注：以b方式打开时，读取到的内容是字节类型，写入时也需要提供字节类型，不能指定编码

3. read，readline，readlines的区别

read() #一次读取全部的文件内容。
readline() #每次读取文件的一行。
readlines() #读取文件的所有行，返回一个字符串列表。

我们以下面的例子进行说明：

>>> f1 = open('data.txt', 'r')
>>> f2 = open('data.txt', 'r')
>>> f3 = open('data.txt', 'r')
>>> 
>>> f1.read()  # read会一次性全部读入，并且不会对文本进行处理
'Rain雨\n\nRain is falling all around, 雨儿在到处降落，\nIt falls on field and tree, 它落在田野和树梢， \nIt rains on the umbrella here, 它落在这边的雨伞上，\nAnd on the ships at sea. 又落在航行海上的船只。
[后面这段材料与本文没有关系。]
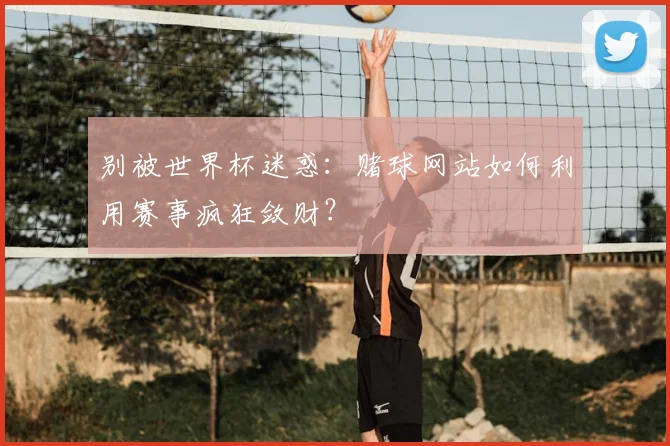 别被世界杯迷惑：赌球网站如何利用赛事疯狂敛财？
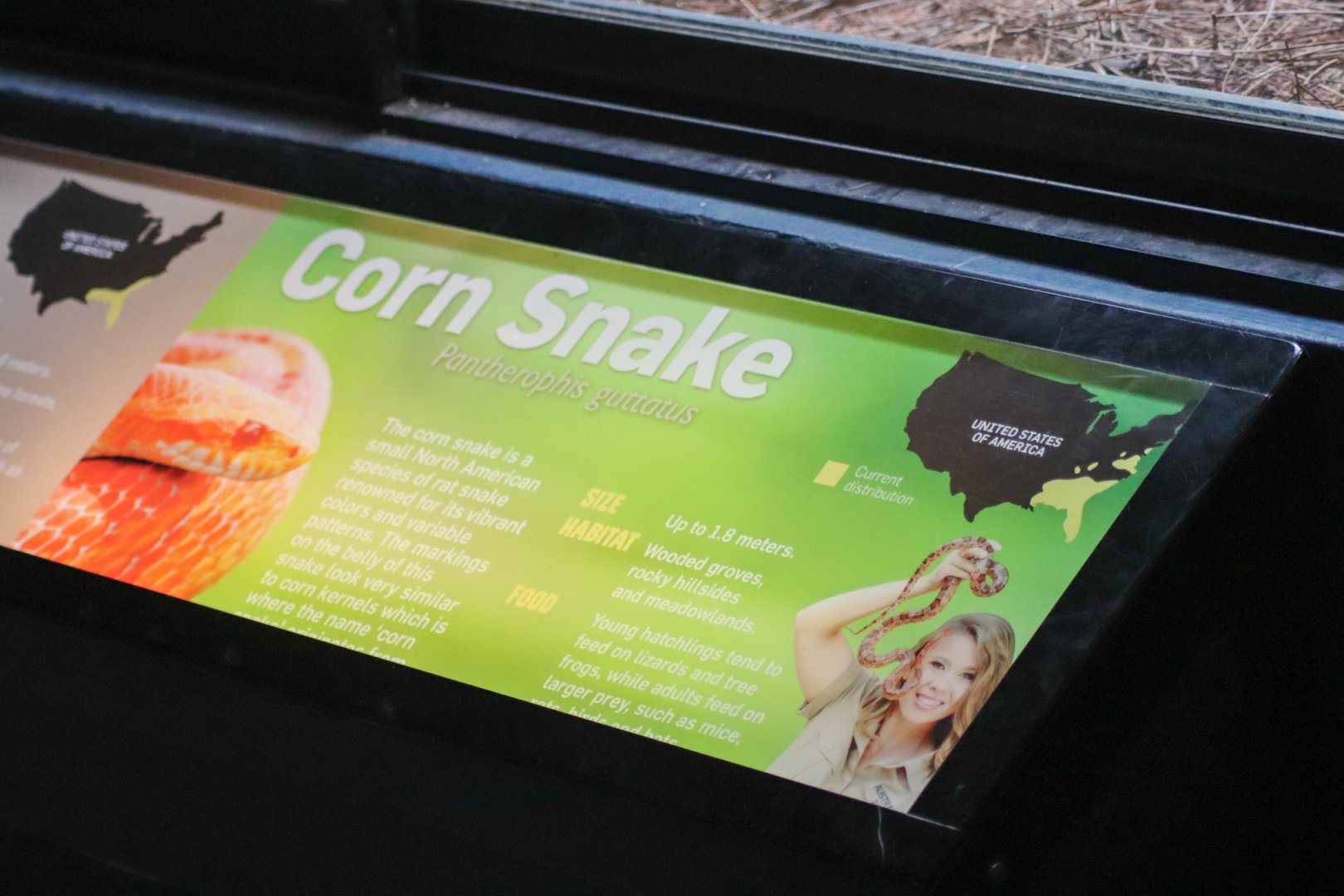 Reptile House - New Additions (Corn Snakes)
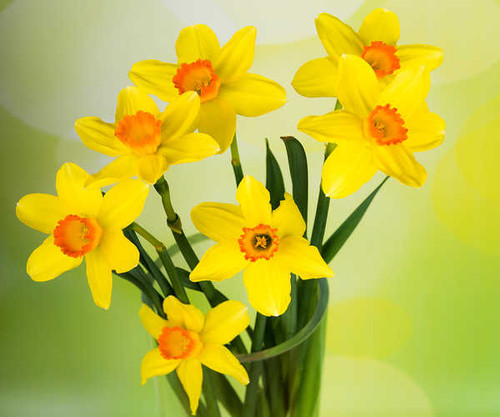 Jual Poster Daffodils Closeup Yellow WPS 002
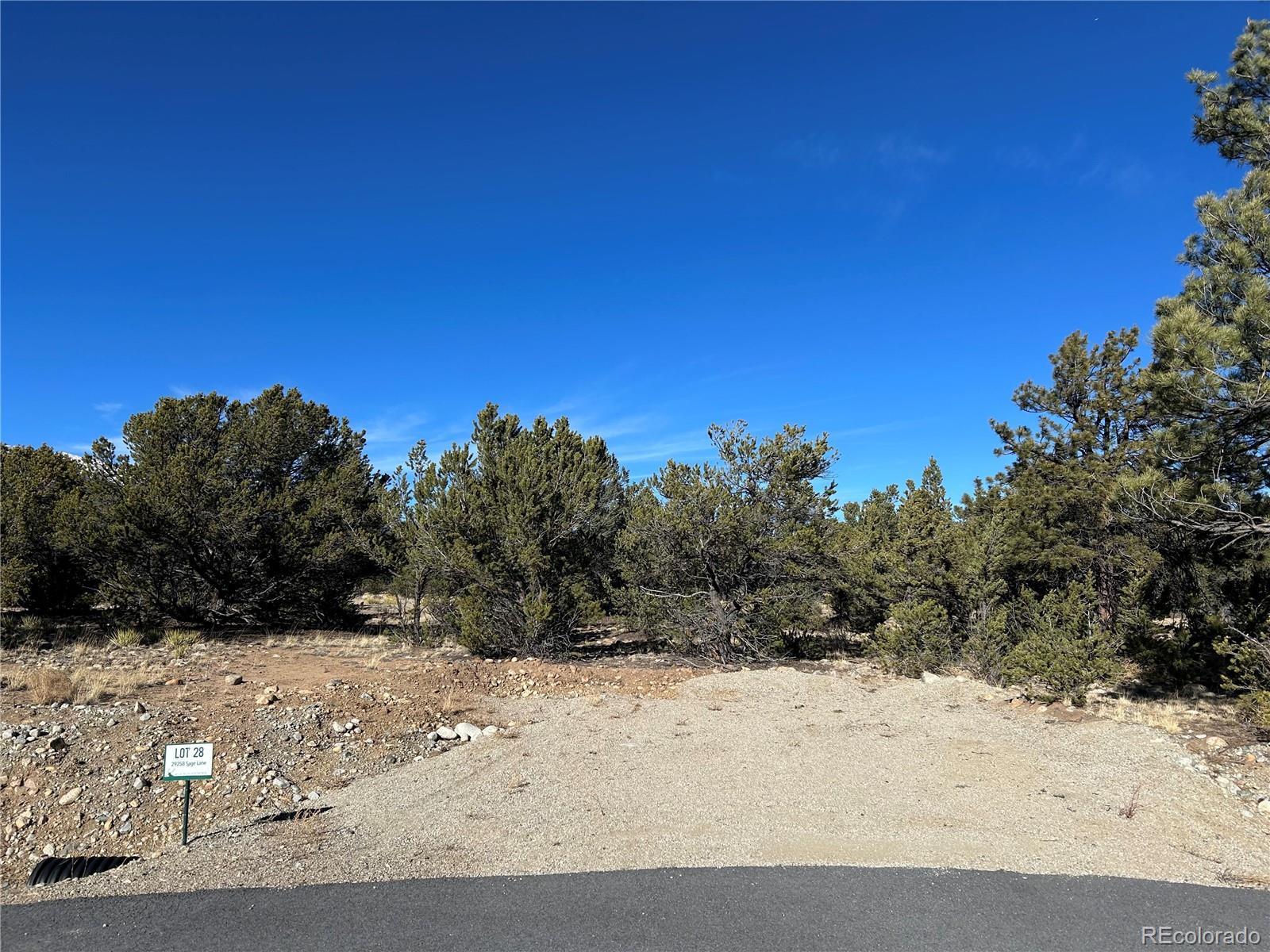 29258 Sage Lane Buena Vista CO 81211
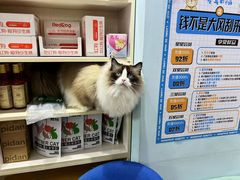 -老吴的猫·猫舍(新区店)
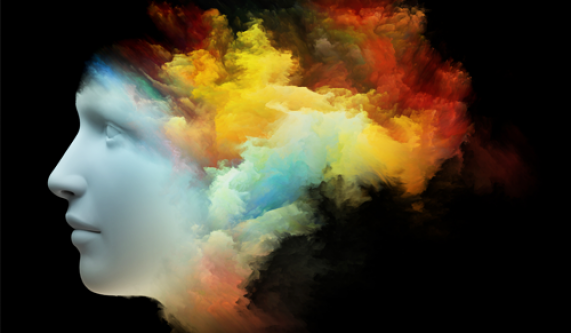 Emotions and Our Brain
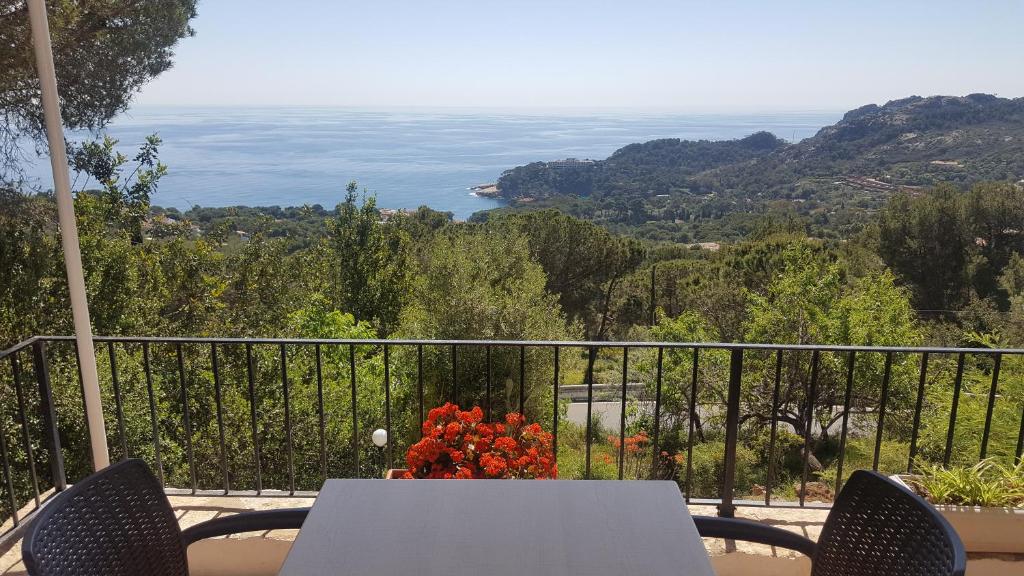 Hostal Sa Barraca - Adults Only photo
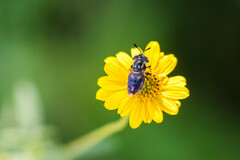 Copestylum limbipenne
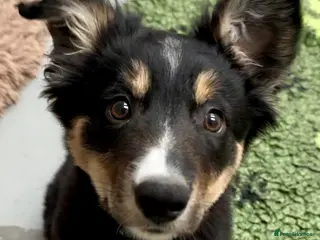 Border Collie dogs Black tri border collie - Advert 3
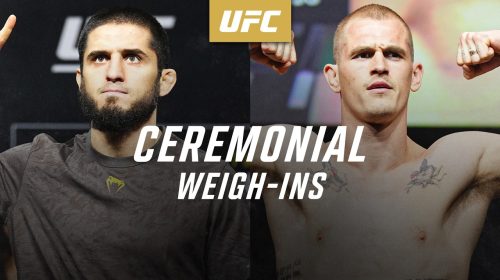 UFC 330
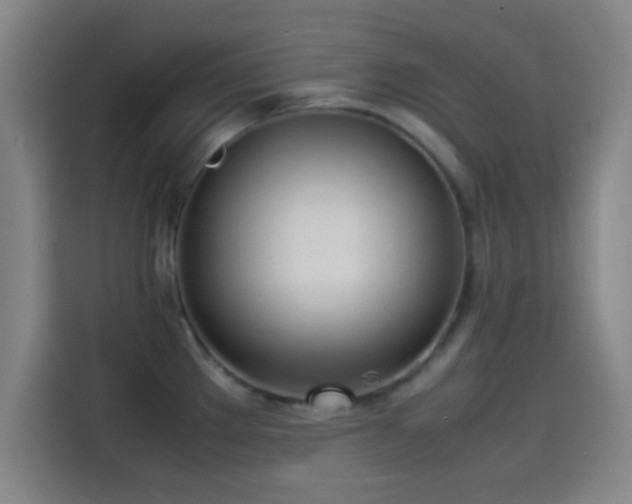 X0000114061289200910131138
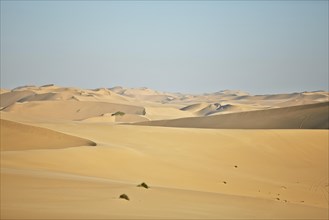 Sand dunes near Lange Wand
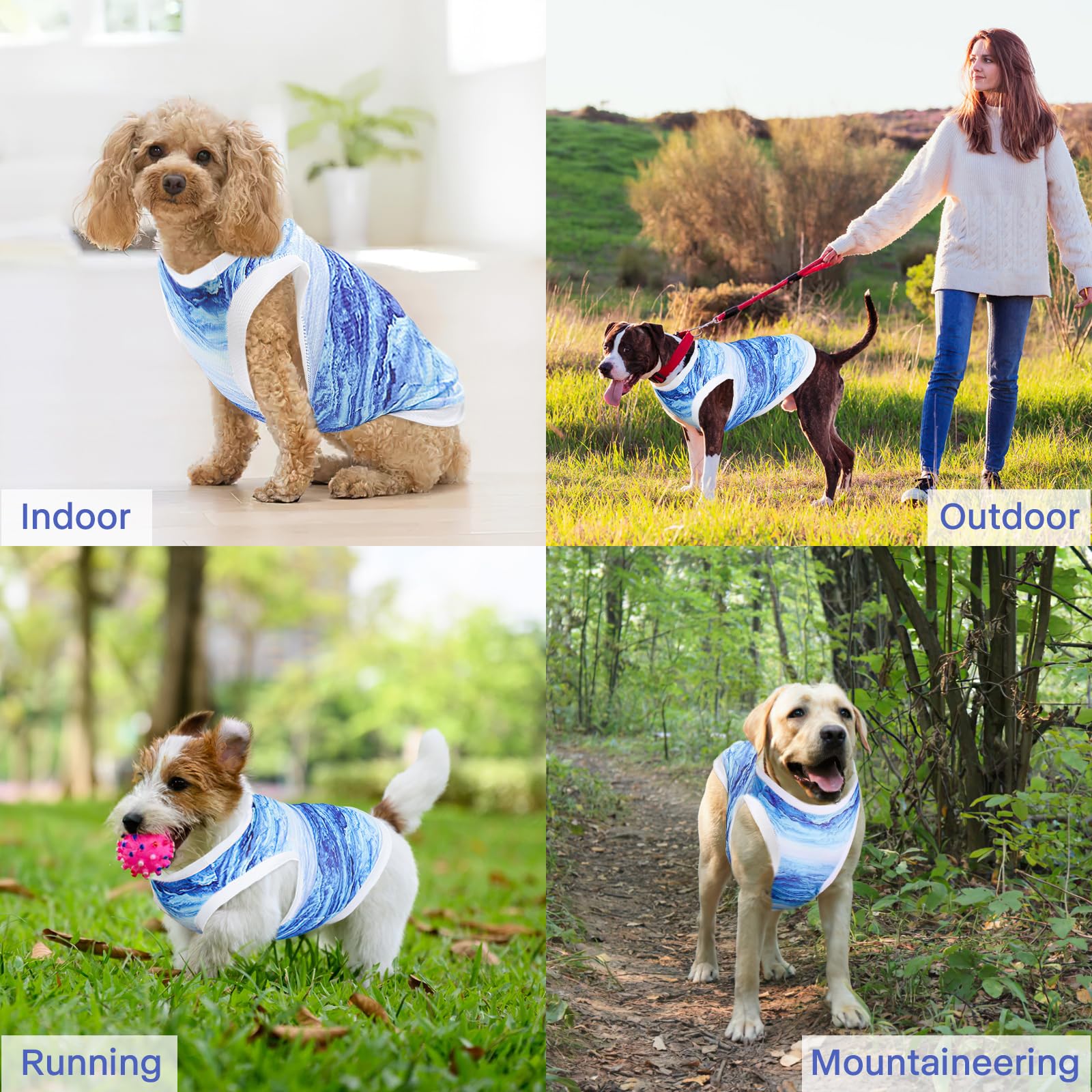 Gilet Rinfrescante per Cani, Giacca di Raffreddamento per Cani, Tessuto a Raffreddamento Istantaneo e Microfibra, Blu, XL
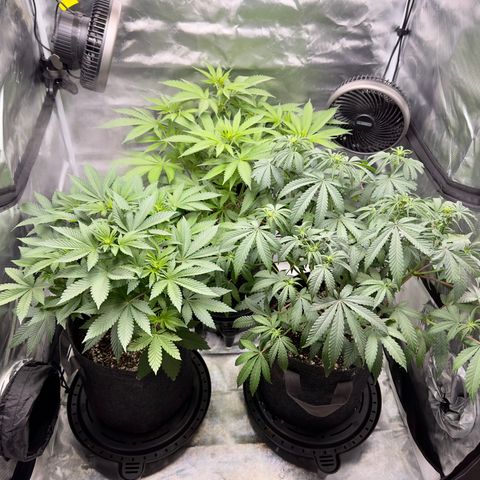 California Orange Bud growlog photo: Starting to show the start of buds forming 
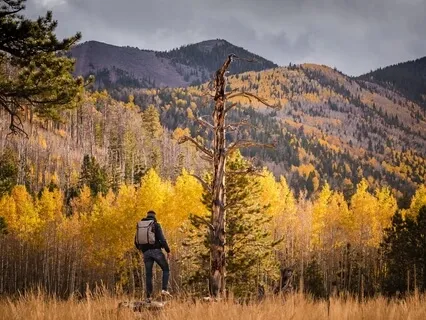 Dissipate Your Anxiety By Going For A Grounding Walk Outside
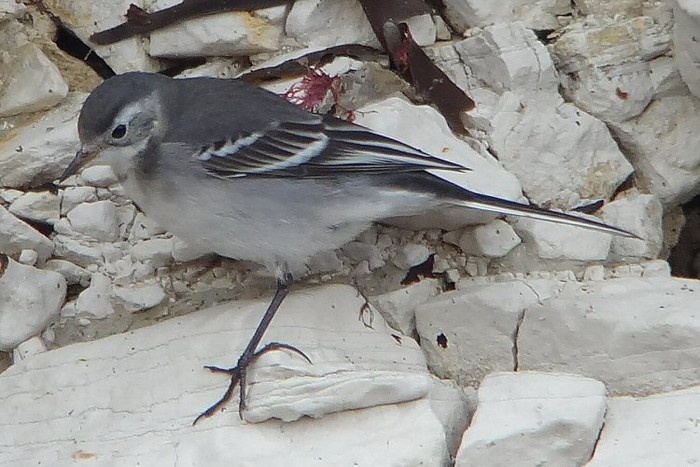 Citrine Wagtail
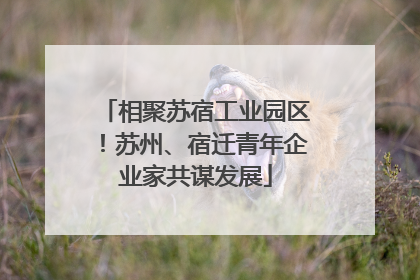 相聚苏宿工业园区！苏州、宿迁青年企业家共谋发展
\nhello world\n'
>>> f2.readline()  # readline是每次只读取一行，相当于迭代器，这样对于大文件来说不占用太多内存空间
'Rain雨\n'
>>> f2.readline()
'\n'
>>> f2.readline()
'Rain is falling all around, 雨儿在到处降落，\n'
>>> f2.readline()
'It falls on field and tree, 它落在田野和树梢， \n'
>>> 
>>> f2.readlines()  # readlines会把f2剩下的文本读取出来，形成列表的形式
['It rains on the umbrella here, 它落在这边的雨伞上，\n', 'And on the ships at sea. 又落在航行海上的船只。\n', 'hello world\n']
>>> f3.readlines()  # 当然，也可以一次性全部读取，形成列表
['Rain雨\n', '\n', 'Rain is falling all around, 雨儿在到处降落，\n', 'It falls on field and tree, 它落在田野和树梢， \n', 'It rains on the umbrella here, 它落在这边的雨伞上，\n', 'And on the ships at sea. 又落在航行海上的船只。\n', 'hello world\n']

4. 文件修改

文件修改的方式：

4.1 硬盘型

逐行读取readline，匹配后修改为新内容，把新内容写入到新文件中，如果内容过多，就flushall到硬盘中。然后把新文件重命名文老文件名（os.rename）。这种方式会比较占硬盘。

例：

import os
file = 'novel'
new_file = 'new_novel'
f1 = open(file, 'r+', encoding='utf-8')
f2 = open(new_file, 'w+', encoding='utf-8')
data = f1.readlines()

for line in data:
    keys = '雨伞'
    if keys in line:
        print("find 雨伞")
        f2.write(line.replace(keys, '花折伞'))
    else:
        f2.write(line)

f1.close()
f2.close()

os.remove(file)
os.rename(new_file, file) 
# 本来想直接rename的，结果在windows上报错了，只好先删除源文件，再重命名新文件，否则不成功。
但是在MAC和linux上直接执行rename是没有报错信息的，可以直接rename。

4.2 内存型

把文件内容全部读入到内存中，在内存中修改好之后，重新写入到原来的文本里，把原来的内容全部覆盖掉
但是当文件非常大的时候，这种方式就不适合了。这种方式比较占内存，处理速度快。

file = 'novel'
fr = open(file, 'r+', encoding='utf-8')
data = fr.readlines()
fr.close()

# 重新以写的模式读入文本
fw = open(file, 'w', encoding='utf-8')
for line in data:
    keys = '雨伞'
    if keys in line:
        print("find 雨伞")
        fw.write(line.replace(keys, '花折伞'))
    else:
        fw.write(line)
fw.close()

5. with…open…as

当你做文件处理，你需要获取一个文件句柄，从文件中读取数据，然后关闭文件句柄。

正常情况下，代码如下：

file = open("/tmp/foo.txt")
data = file.read()
file.close()

这里有两个问题。一是可能忘记关闭文件句柄；二是文件读取数据发生异常，没有进行任何处理。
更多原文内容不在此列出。